I didn’t have the money for a modern mountain bike and I learned to love my outdated quirky spray-painted pink bike for what we had shared together and not for how valuable or modern or fast it was. I’m a much better rider and mechanic from all of the time I spent riding and tinkering with this bike and that has more value to me than fitting in.

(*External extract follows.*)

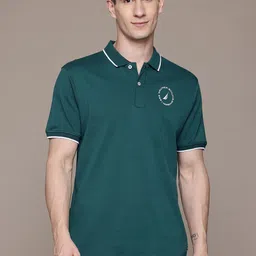 nautica Men Solid Polo Neck Pure Cotton Green T-Shirt-picture-15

During those years of experimenting, this special friend lived through many iterations. I eventually broke the frame after ten years of awkwardly shredding together, a highlight of which was a 3rd place team finish at the 24 hours in the Old Pueblo.
Breaking the frame led to building my first “modern” bike packing/mountain bike. A Surly Ogre with a hodgepodge of parts from several eras and 650 B+ tires before they sold bikes like that.
As I enjoyed more modern geometry and bigger wheels and tires the Kona frame sat in my yard for probably five years.
I dreamed about doing a parts bin rat rod build with it, and I finally got the motivation at the beginning of the Covid lockdown when Sofia challenged folks to do parts bin builds. I’m stoked that I finally brought this special bike back to life with some of the uncommon classic goodness that I’ve squirreled away for years. It’s my opinion that bike parts should be used and enjoyed, not packed away and rarely seen as I had done.
The parts on this build are all magical treasures that I’ve loved as pieces of art collected over many years. I have a story for every part but for brevity’s sake, I’ll only share a few.
The Paul brakes and levers were acquired for a friend who backed out of the deal and I decided to hang on to them because they’re a beautiful snapshot of the evolution of the best brakes on the market. When I tore my Achilles and built a mad max knee scooter I used those levers for the pure pleasure of it. I’m a bit of a brake lever nerd.
The Galli cranks were given to me as a thank you for helping someone out. They sat in a bin for probably 8 years. I love them because at that time they were made Galli was making all the Campy Strada cranks, which were my favorite cranks for a long time. The Galli cranks were cheaper and considered less fancy but they actually have a much better finish on them than the campy’s. As a side note, I’ve broken two pairs of those Strada cranks because they had sharp edges where the crank met the spider that leads to cracking. These golden cranks are a perfect example of price and prestige not equating to quality.
I have a bit of an obsession with old Suntour, especially pedals and derailleurs. So this bike got my oddest Suntour derailleur, I considered a 3 pulley XC but the idea of having to modify the frame to run this Superbe Tech was more exciting. Suntour built their products without fear of deviation and innovation and with absolutely beautiful attention to detail like their logo being etched on every bolt on the pedals.
It’s those little differences that get me excited when I look at a bike part. The attention to detail, a radical attempt at changing the design of an item, and the overall thrill I get from noticing those little, or sometimes big, variations.
As it sits here all decorated and modified, I give thanks to a bike I’ll likely never ride on a trail again. Instead, I pedal to the grocery store and reminisce. The bike that taught me to love mountain biking is alive again in what is likely its final form. The doors that it opened to bike packing and beautiful long days on the unforgiving trails of the Sonoran desert will always remain open and this project is a thank you to the time we spent together. May we buy yogurt and kombucha together for years to come.